Greg Michaels in Bolivia
The author on the flanks of Jachcha Condoriri, with twin volcanoes bordering Chile in the distance (Paolo Marchesi)

SO THAT'S HOW WE GOT where we are. How one gets to this point in a metaphysical sense is more complicated. "My life's story is pretty convoluted and twisted," Greg told Paolo and me over a dinner of Hawaiian pizza in Tupiza. "But it all kind of relates to exploration."

Greg wanted to go to Mars. This was his earliest dream, and he'd meant it: His majors in college were astronomy and geology. His first foreign language, which he studied during a semester in Moscow, in 1990, was Russian—the era's other language of space exploration. His first real job was as an assistant on NASA's Magellan mission, in the early nineties, examining every photo the Magellan spacecraft sent back from Venus, becoming the first human to "see" large swaths of the planet. His master's was in planetary geology. And his moment of disillusionment came not when he applied to be an astronaut and was rejected—only a handful of the 5,000 applicants made the cut, and he could apply again—but when he realized that modern astronauts were going only as far as the International Space Station.

"My dream was to go on land somewhere," he told us. "I decided I just wanted to explore Earth more." In the grad-school library at Arizona State, he flipped through career books until he found the geophysical firm that worked in the most countries across the globe. That it turned out to be a petroleum-surveying company bothers the environmentalist in him, but Greg's story illustrates how hard a guy has to work these days to find something to explore. He's had to make some sacrifices.


Greg advised Paolo and me to be ready for anything. "It could be a walk in the park," he wrote, "but, as in a lot of confluence hunting, you just need to be prepared for the unforeseen."

For Greg, the end of the Cold War was a window of real, if fleeting, opportunity.

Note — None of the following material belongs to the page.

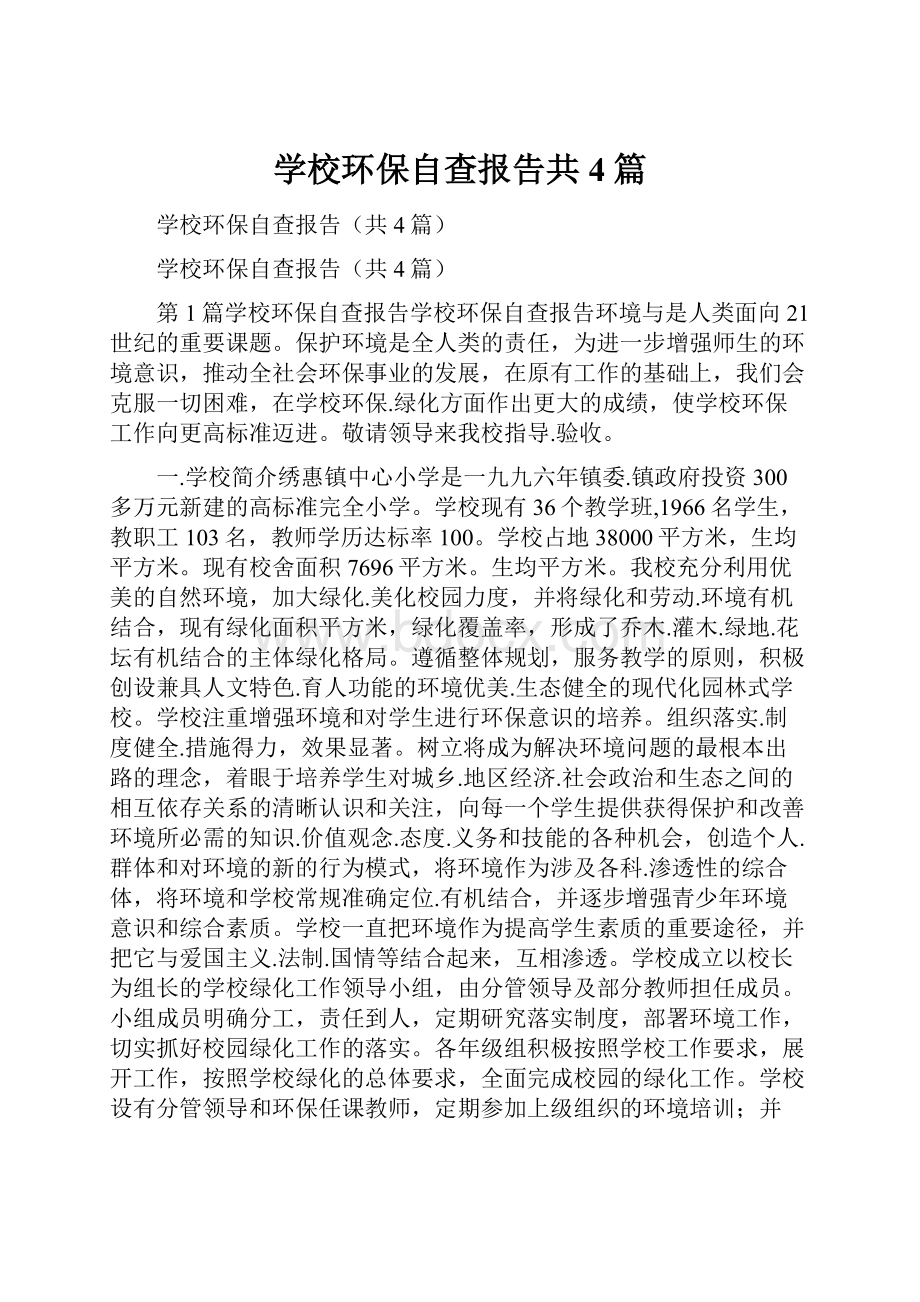 学校环保自查报告共4篇.docx_第1页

One of his favorite stories is about when the walls were coming down, and he happened to be in Vienna, and he happened to have a raft, and he happened to notice that the Danube River flowed straight into Czechoslovakia. He climbed in and floated to Bratislava. "There was no passport control, and nobody said anything," he recalled. "I just noticed that all the buildings looked different." When he reached the city, he was surrounded by patrol boats with machine guns. When the police realized he was an American—one of the few they had seen—they gave him a hero's welcome, stamping his passport on the spot.

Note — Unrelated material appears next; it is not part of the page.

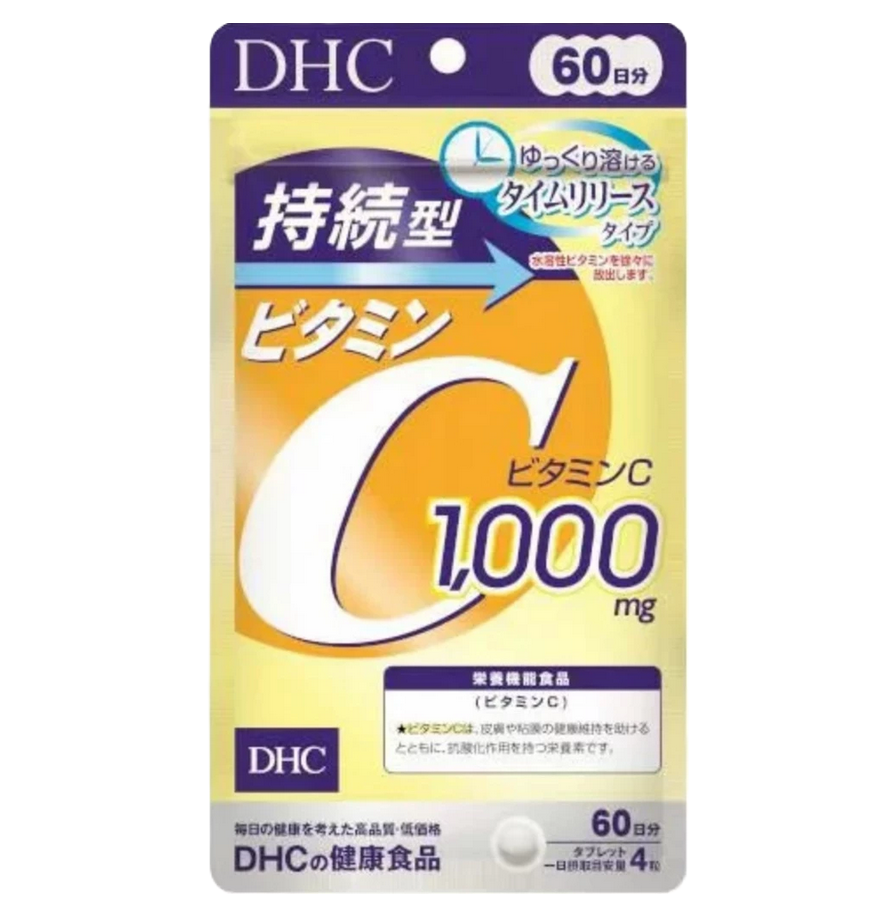 DHC Vitamin C Sustainable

Greg's first geophysical assignment was in the Caspian Sea, which allowed him, during a drunken port call with the mostly Azerbaijani crew, to sneak visa-free into Turkmenistan—a place few Westerners have seen to this day. When the Caspian job was done, in 1999, he and a friend bought a Niva—an old Soviet jeep—and spent months driving it around Georgia and Russia. Siberia was close to China, and China was opening up, so he drifted east, traveling overland until he'd crossed the entire continent. He went to Taiwan, where he became obsessed with learning Mandarin, which he studied until the oil money ran out. "I had to start teaching English," he says.

Globalization kept creeping on, and Greg kept teaching—first in Taiwan, then in Japan. During summers he began leading tours in China for the growing horde of outsiders coming to see it. Asia was becoming less exotic, though Greg himself wasn't. One time he went alone to a Chinese zoo and noticed that everyone was staring at him instead of the monkeys. Trying to lighten up an awkward moment, he hunched over, scratching himself and making ape noises, while the crowd, still expressionless, stared harder.

You might say the confluence project gave Greg newfound purpose. But his brand of modern, confluence-driven exploration poses problems of its own. Our trip to Bolivia, for instance, was originally meant to be a trip to Peru. After I first contacted him, I invited myself along on his next expedition, and we planned it for months—a trek to 12°S 76°W, in the Andes, supposedly the highest confluence in the Western Hemisphere. Then I got a late-night e-mail from him slugged "interesting development." On the DCP Web site, he told me, the Peru confluence had suddenly been demoted to number two, and an obscure point in Bolivia had been elevated to highest in the Americas. The reasons were unclear, and were only slightly less so after Greg's techy explanation:

It looks to me like the project is now
using elevations from Google Earth.
They originally used elevations from the
GT30 1km footprint elevation data.
Then, in 2005, I got a hold of the SRTM
(Space Shuttle Radar Topography) data
(the best data to date), and convinced
them to change the data for the top 50
highest confluence points. Now it has
changed again, and I've already contacted
the project to find out their
source. I want to make sure it is worthy.

Greg went into overdrive to find the source of the updated elevation data, spending weeks e-mailing back and forth with a shadowy Google Earth authority code-named Penguin Opus, a German- and French-speaking Scottish topography expert with an Italian name, and various DCP coordinators in Canada, Russia, and the Middle East. I received messages from him with titles like "russian plot," "a plot of points," and, eventually, "Bolivia." It was finally confirmed: We were going to 18°S 69°W, a confluence that was—according to all the best data sets—at least 300 feet higher than the one in Peru.

A truism of confluence hunting is that you never really know what the obstacles will be. In a string of last-minute e-mails from Brazil, Greg advised Paolo and me to be ready for anything. What looked "so inviting" on Google Earth could be treacherous in real life. We should bring crampons and ice axes. We should bring a tent and a stove. We should factor in extra time for things to go wrong.

"It could be a walk in the park," he wrote, "but, as in a lot of confluence hunting, you just need to be prepared for the unforeseen."